İmamoğlu ve Yavaş’ın seçimden sonra cumhurbaşkanı yardımcısı olarak atanacak olmaları da Kılıçdaroğlu’nun oyunu artıracak bir faktördür. İmamoğlu ve Yavaş’ın seçim kampanyası boyunca Kılıçdaroğlu’nun yanında olmaları, iki belediye başkanına destek veren, cumhurbaşkanı olmalarını isteyen seçmenlerin Kılıçdaroğlu’na oy vermelerini kolaylaştıracaktır.

Kılıçdaroğlu nasıl bir cumhurbaşkanı olacak?

Kılıçdaroğlu partili cumhurbaşkanı olarak değil, tarafsız bir cumhurbaşkanı olarak görev yapacağının işaretlerini dünden verdi. Partisinin grup toplantısında, bu toplantıya son kez katıldığını ve grup kürsüsüne veda ettiğini açıkladı. Bu veda ile sadece CHP’nin adayı olmadığını, 6 partinin ortak adayı olduğunu ve cumhurbaşkanı olduğunda da sadece 6 parti seçmeninin değil tüm Türkiye’nin
cumhurbaşkanı olarak hareket edeceğinin mesajını verdi. Kılıçdaroğlu’nun kucaklayıcı, kapsayıcı siyaset anlayışı, barışçıl, yumuşak üslubu, partizanlık yapmayacağının, Türkiye’yi yine uzlaşma içinde, parlamenter demokratik sisteme sağlıklı biçimde geçireceğinin göstergeleri. Dürüstlüğüyle bilinen Kılıçdaroğlu’nun çevresine ihale dağıtmayacağı da çok açık. Parayla pulla ilgisi olan bir lider olmadığı da biliniyor.

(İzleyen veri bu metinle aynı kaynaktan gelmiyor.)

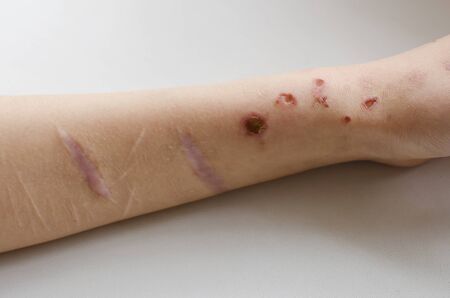 female hand with cuts after suicide attemptの写真素材
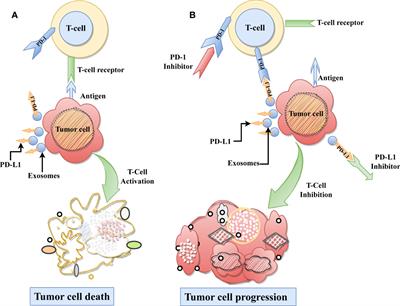 ExoPD-L1: an assistant for tumor progression and potential diagnostic marker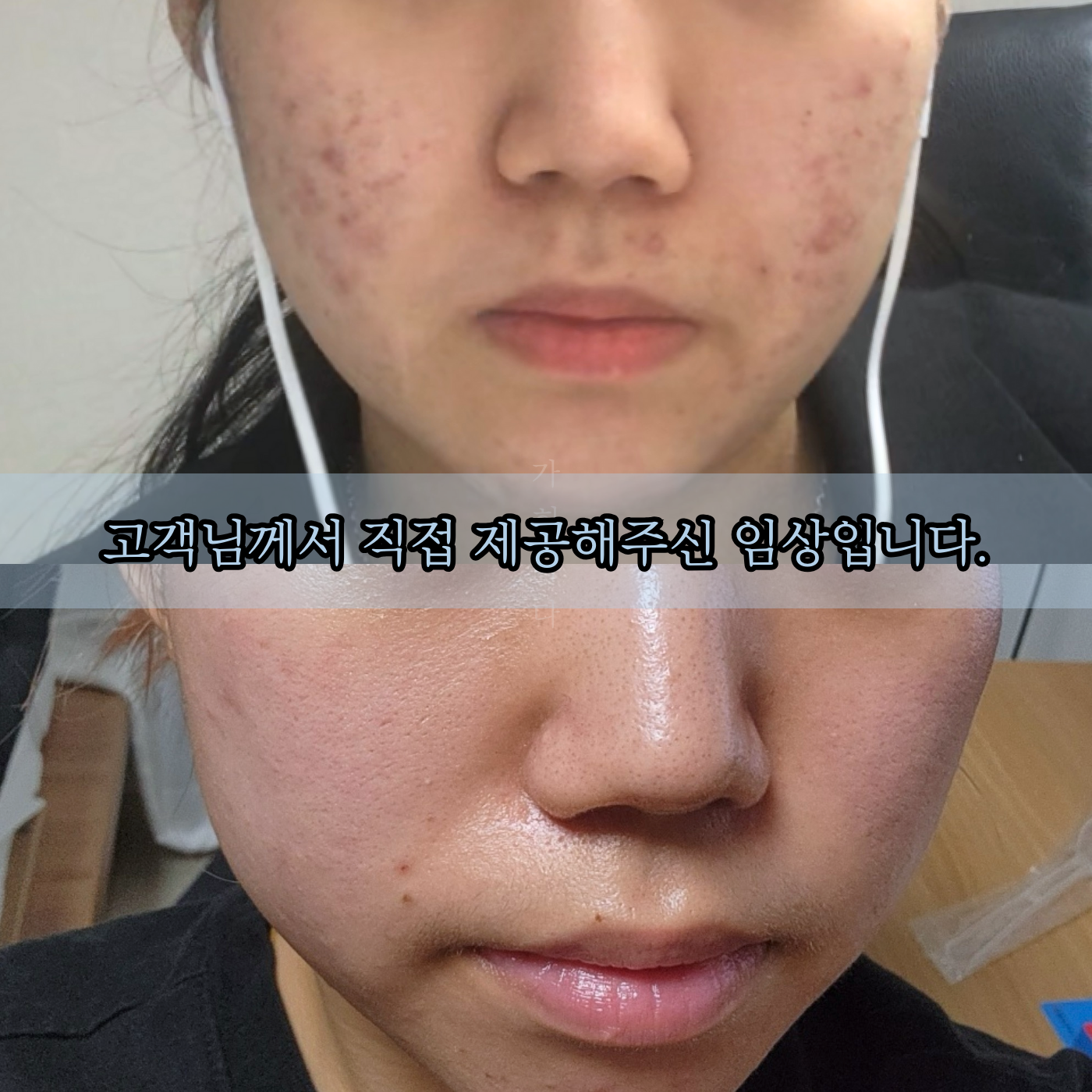 가희하다 대표 이미지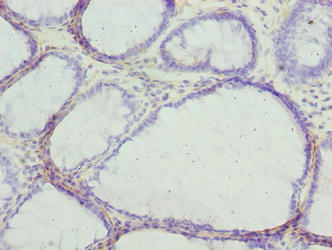 GSDMC Antibody
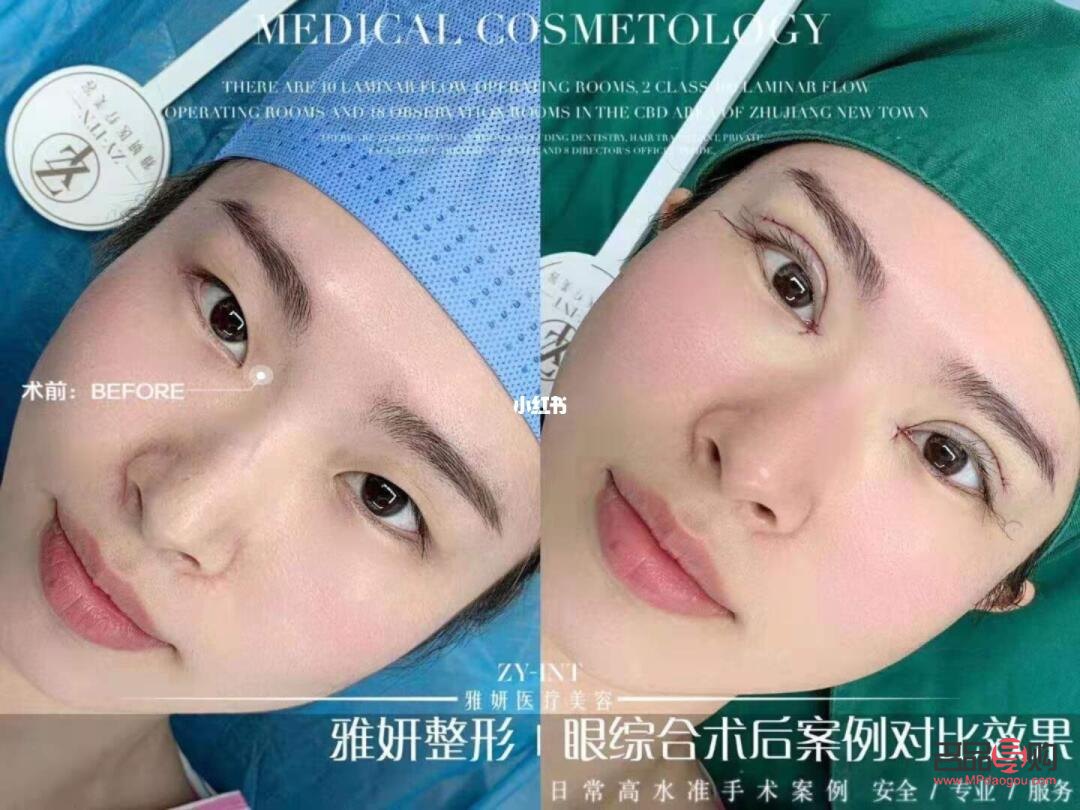 眼综合真的好看吗(眼综合值得做吗) 眼综合真的好看吗(眼综合值得做吗)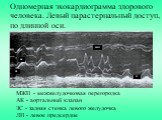 Одномерная эхокардиограмма здорового человека. Левый парастернальный доступ, по длинной оси. МЖП - межжелудочковая перегородка АК - аортальный клапан ЗС - задняя стенка левого желудочка ЛП - левое предсердие. АК МЖП ЗС ЛП
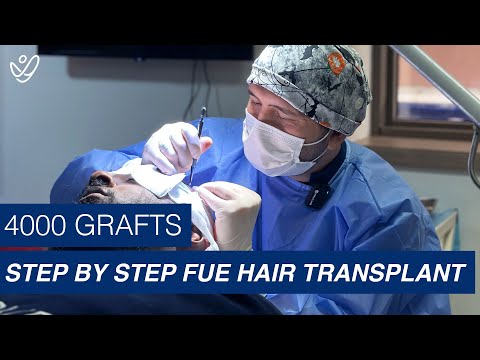 Step by Step FUE Hair Transplant | 4000 Grafts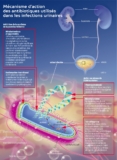 © ARMPL3171_C2_Infectionsurinaires.qcd-60-image_I4 - claire witt-deguillaume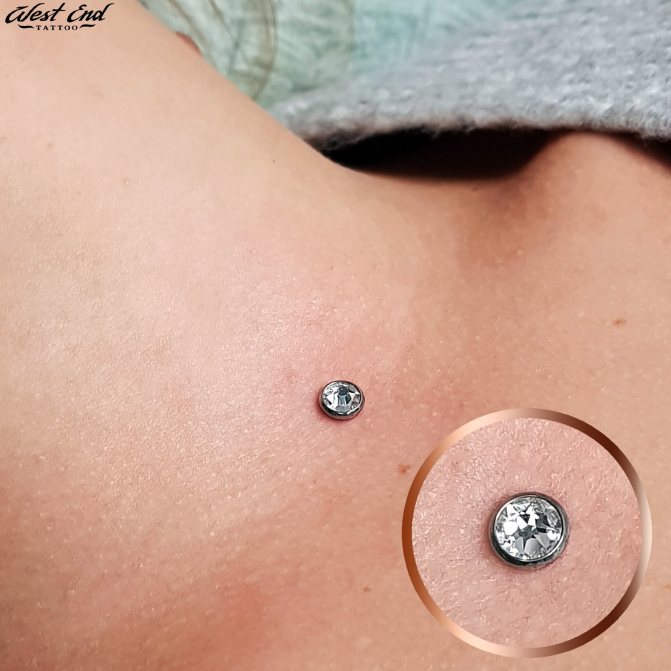 Microdermique sur la clavicule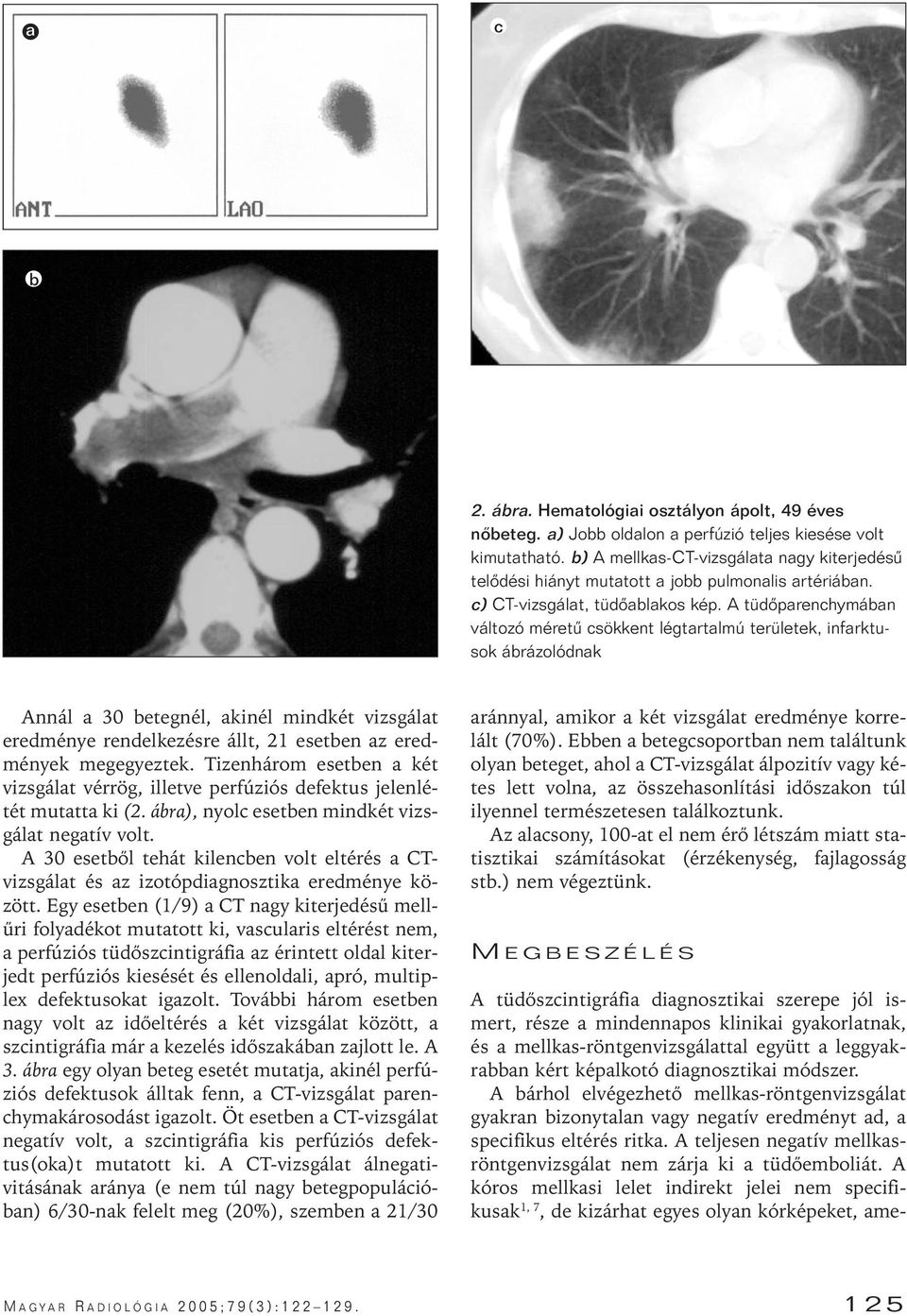 A tüdôparenchymában változó méretû csökkent légtartalmú területek, infarktusok ábrázolódnak Annál a 30 betegnél, akinél mindkét vizsgálat eredménye rendelkezésre állt, 21 esetben az eredmények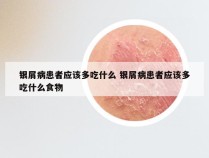 银屑病患者应该多吃什么 银屑病患者应该多吃什么食物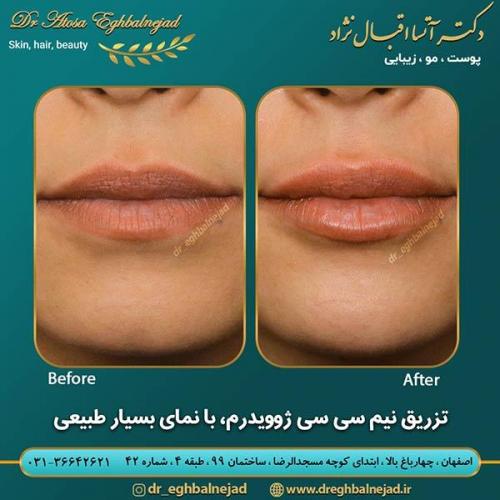 تزریق-ژل-لب--6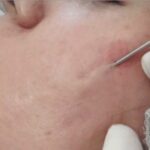 سابسیژن ، درمان جای جوش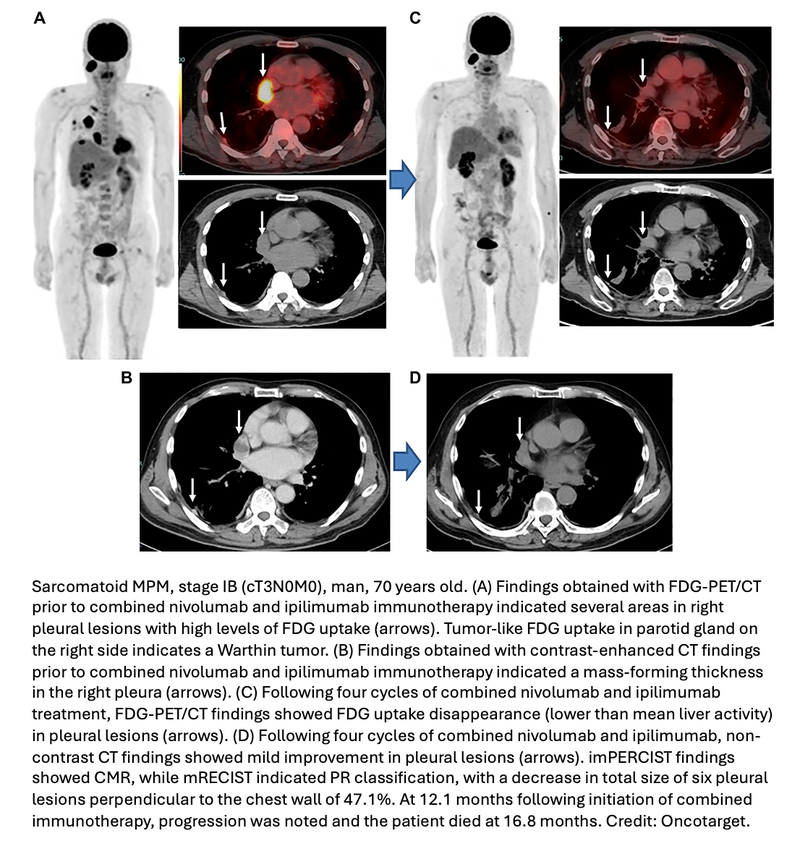 Study Compares FDG-PET/CT and CT for Treatment Evaluation in Patients With Unresectable Pleural Mesothelioma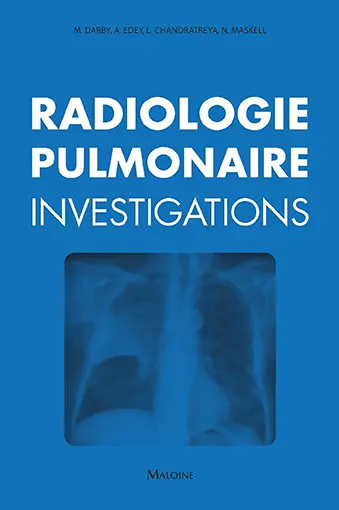 Radiologie pulmonaire : investigations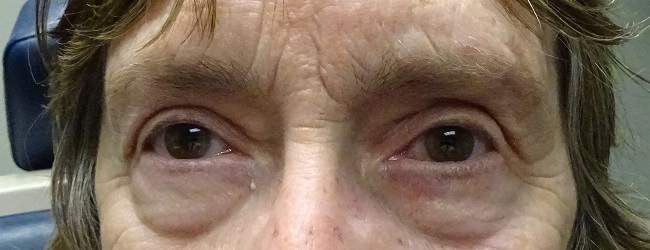 After Blepharoplasty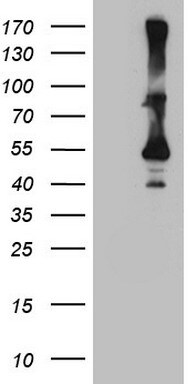Cytohesin 2 Antibody (OTI4D9)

Ayrıca uzmanlık alanı olan denetim mekanizmalarını harekete geçirerek Hazine’den beslenen şirketleri, dev büyüklükte ihaleleri sırayla kazanan şirketlere ödenen paraları, hırsızlıkla, yolsuzlukla rüşvetle edinilmiş ve yurtdışına kaçırılmış servetleri mercek altına alacağı, bu paraların Türkiye’ye getirilmesini, sorumlulardan yargıda hesap sorulmasını sağlayacağına da kuşku yok. Yine bu sistemin verdiği yetkiyle, iktidarın liyakat yerine biat ve sadakate göre devlet kurumlarına yaptığı atamaları iptal edip yerlerine liyakate göre atamalar yaparak devlet kurumlarını yeniden bağımsız ve özerk hale getireceği de bir
gerçek.

Bu yönleriyle Kılıçdaroğlu, seçimi kazanacak, geçiş dönemini en iyi şekilde yönetip, Türkiye’yi yeniden demokrasiye kavuşturacak, demokratik, laik, sosyal hukuk devletinin yeniden inşa edilmesini sağlayacak bir cumhurbaşkanı olacaktır.